| HOW TO COMPLETE THIS TASK |
Pictures are not part of the answer. Return the lines from the one containing "Lionheart (mt) market trend chart" through the end of the data, both included, exactly as they appear.

| DATA SHOWN |
+ + + + +
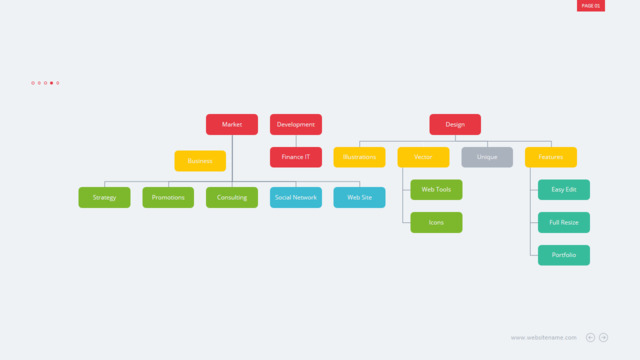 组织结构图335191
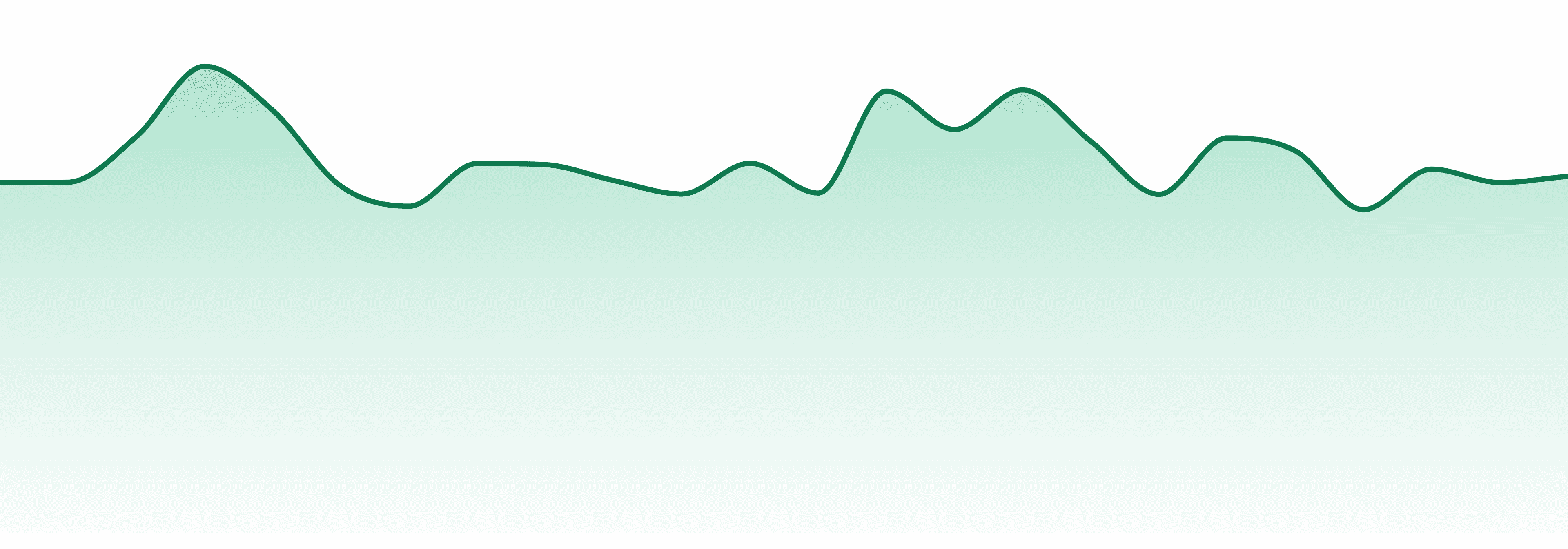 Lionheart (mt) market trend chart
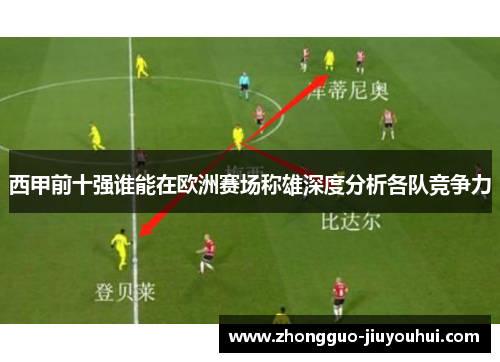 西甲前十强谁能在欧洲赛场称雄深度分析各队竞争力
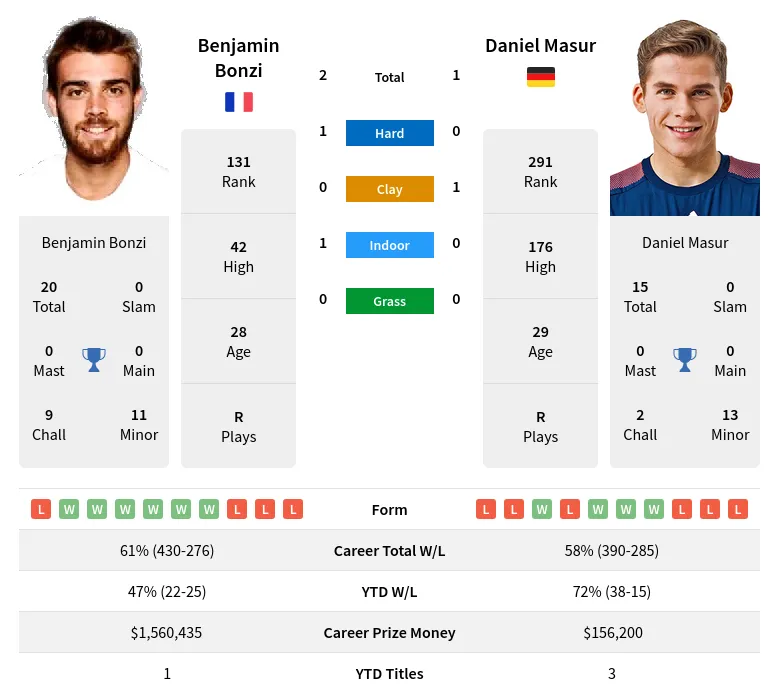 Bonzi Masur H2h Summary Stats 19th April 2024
+ + + + +
| SOLVED EXERCISE |
 Lionheart (mt) market trend chart
 西甲前十强谁能在欧洲赛场称雄深度分析各队竞争力
 Bonzi Masur H2h Summary Stats 19th April 2024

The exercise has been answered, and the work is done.